Sorry if this question seems overly noob to you. I've taken programming courses but never one on computer architecture. I had to pretty much learn from Wiki/SO/Google.
I have a dict called LUT, and I need to parallelize its lookup (READ-ONLY). I have a list of items that I am scattering to multiple threads/processes, and each thread/process will then lookup LUT[item] for each item in its respective chopped-up list.
I can only think of 7 options to achieve this:
1. multithreading module, all threads lookup the same dict
2. multiprocessing module, all processes lookup the same dict
3. multiprocessing module, all processes lookup their own copy of dict, e.g. if there are 2 processes, there are 2 copies of the dict
4. multiprocessing module, all processes lookup a "shared proxy dict": Manager.dict
The following 3 options use Cython since I've heard it can be used to overcome Python's GIL.
5. Cython & C++'s STL unordered_map and multithreading, all threads lookup the same unordered_map
6. Cython & C++'s STL unordered_map and multiprocessing, all processes lookup the same unordered_map
7. Cython & C++'s STL unordered_map and multiprocessing, all processes lookup their respective copy of the unordered_map
I have already tried options 2, 3, & 4. 2 & 4 are around 100-1000x slower than serial lookup.
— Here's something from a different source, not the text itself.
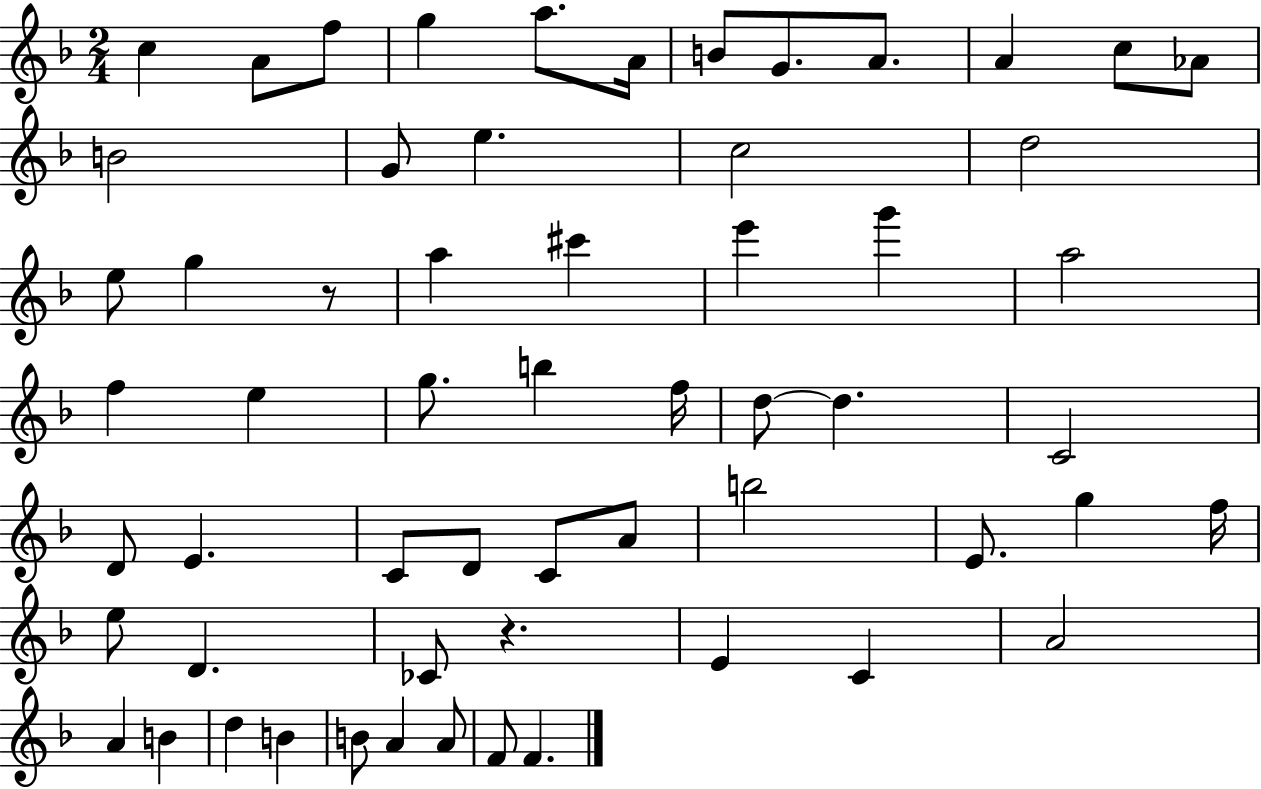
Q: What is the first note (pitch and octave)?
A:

Option 3 works well, but its memory usage is too high, since it makes use of multiple copies of the dictionary.
Options 5, 6, & 7 use Cython and its ability to extend with C++'s STL unordered_map, which is the C++-equivalent of Python's dict. Option 5 should technically overcome Python's GIL, but I am wondering if multithreading can really solve something that is CPU-bound. What is my best bet here?